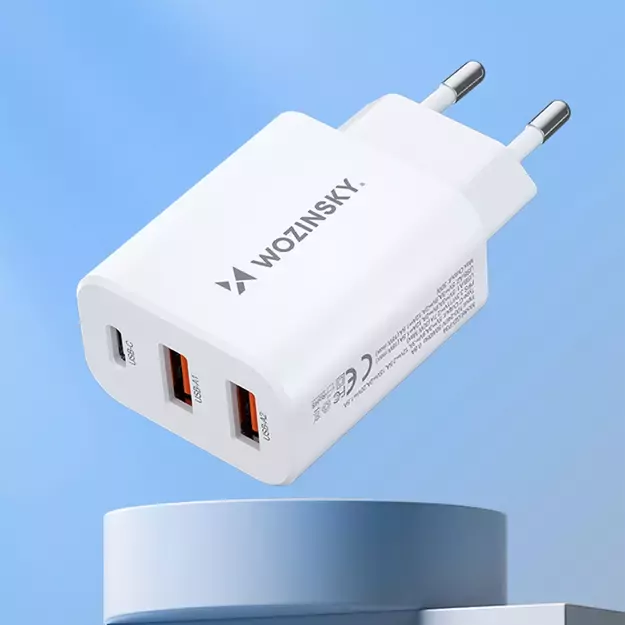 Wozinsky CWCUCW 30W USB-C / 2 x USB-A wall charger - white 26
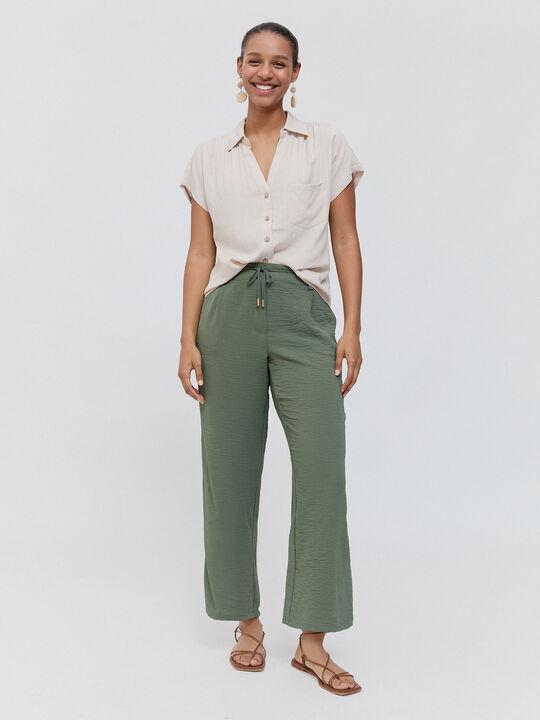 PANTALON ANCHO FLUIDO Verde oscuro image number null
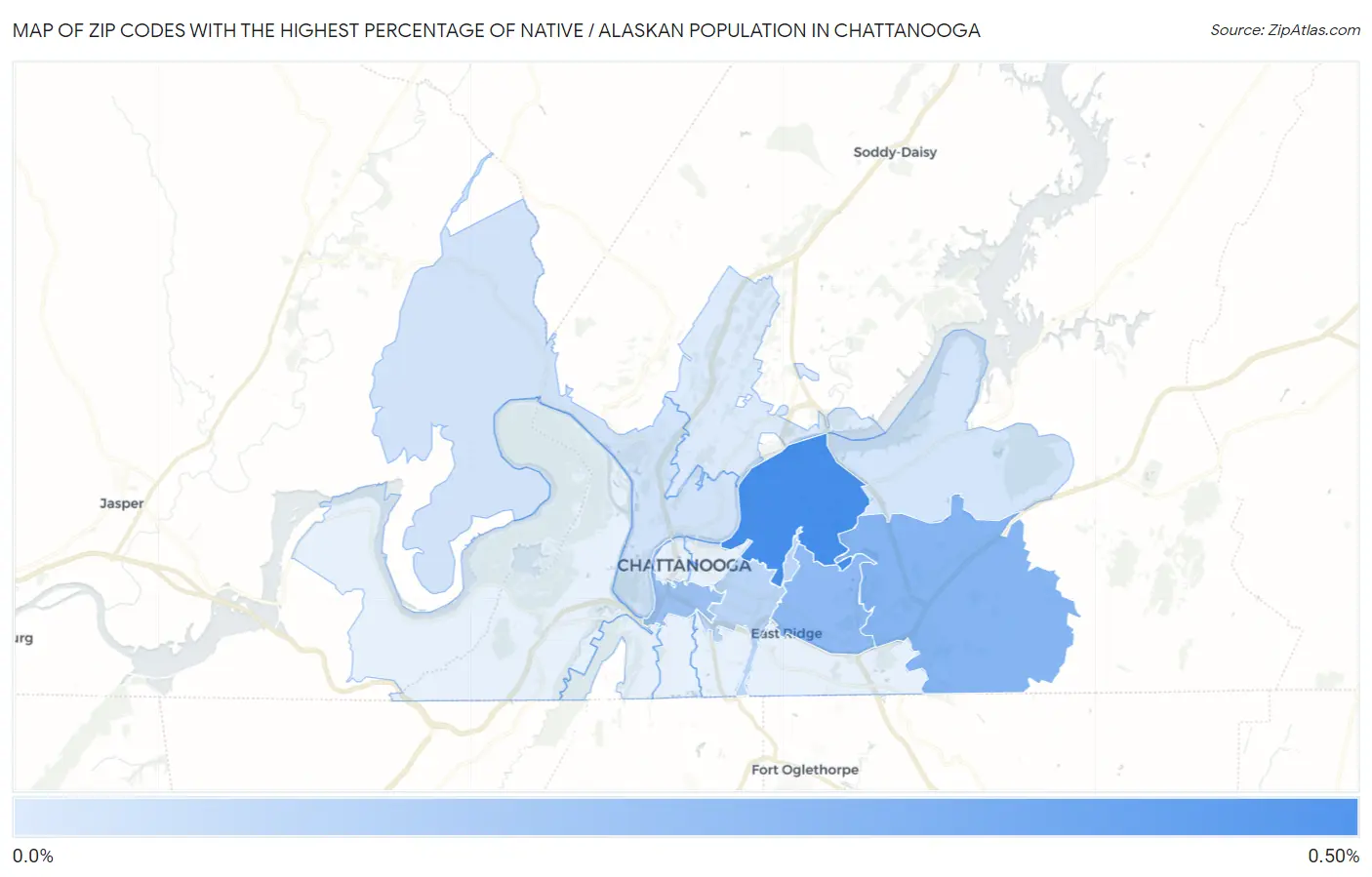 Zip Codes with the Highest Percentage of Native / Alaskan Population in Chattanooga Map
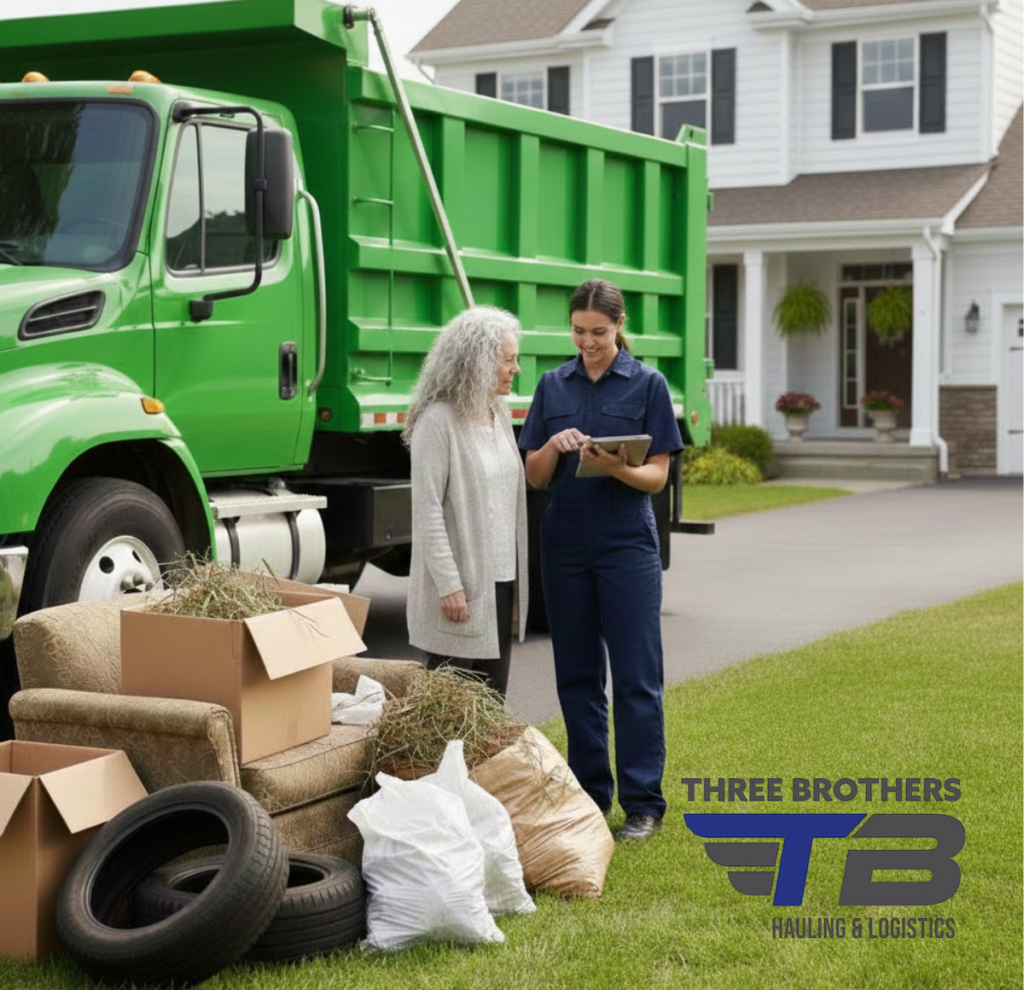 Junk removal truck collecting household waste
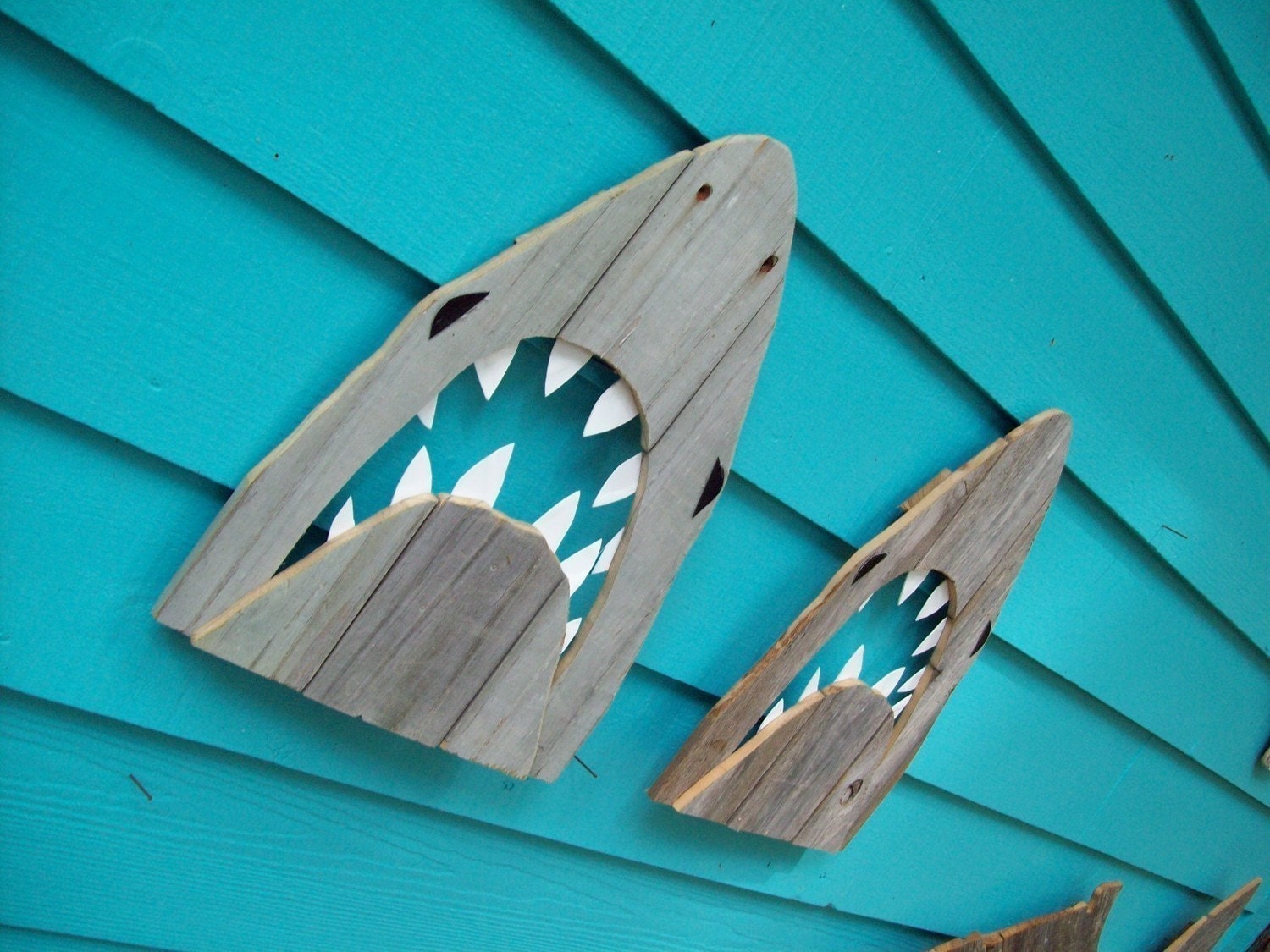 Shark art, made of recycled fence wood. JAWS, Great White, outdoor art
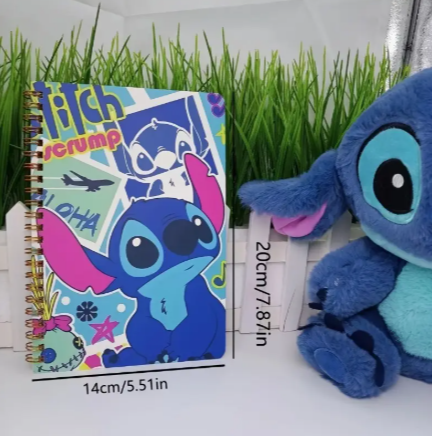 π Stitch Cartoon Spiral Notebook Set - 4-Pack Cute Journals for School or Gifts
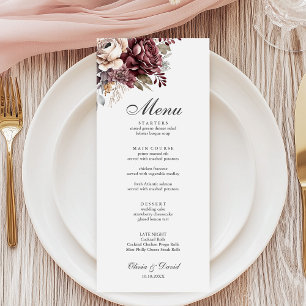 Menu Cardápio de Casamento Beige Boho com Flores em Aqu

---

PROBLEM STATEMENT: Every line above is to be written out unchanged, with the pictures omitted.

ANSWER TO THE PROBLEM:
 Wozinsky CWCUCW 30W USB-C / 2 x USB-A wall charger - white 26
 PANTALON ANCHO FLUIDO Verde oscuro image number null
 Zip Codes with the Highest Percentage of Native / Alaskan Population in Chattanooga Map
 Junk removal truck collecting household waste
 Shark art, made of recycled fence wood. JAWS, Great White, outdoor art
 π Stitch Cartoon Spiral Notebook Set - 4-Pack Cute Journals for School or Gifts
 Menu Cardápio de Casamento Beige Boho com Flores em Aqu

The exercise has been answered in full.